▶ [Assigned task]
Would you output the listing exactly, with every image omitted?

▶ [Stored data]
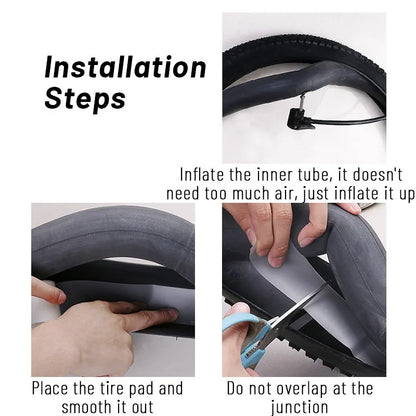 Bicycle Puncture Proof Belt 26" 27'' 29" 700C Bicycle Tire Liner Inner Tube Protector Road Mountain Bike Repair Stab Tape Pad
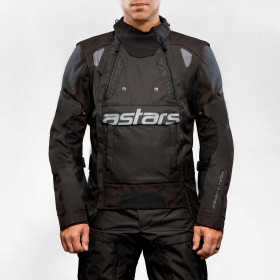 bunda HALO DRYSTAR, ALPINESTARS (tmavě modrá/khaki/oranžová/černá, vel. 3XL)_thumb3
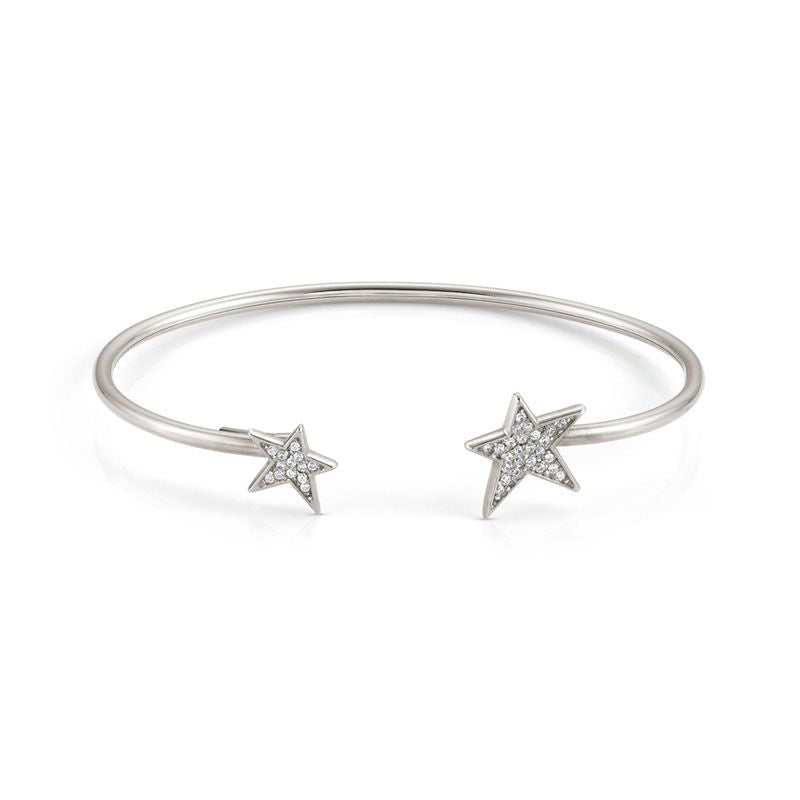 STELLA BANGLE 146707/010 SILVER STARS & CZ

▶ [Reply]
 Bicycle Puncture Proof Belt 26" 27'' 29" 700C Bicycle Tire Liner Inner Tube Protector Road Mountain Bike Repair Stab Tape Pad
 bunda HALO DRYSTAR, ALPINESTARS (tmavě modrá/khaki/oranžová/černá, vel. 3XL)_thumb3
 STELLA BANGLE 146707/010 SILVER STARS & CZ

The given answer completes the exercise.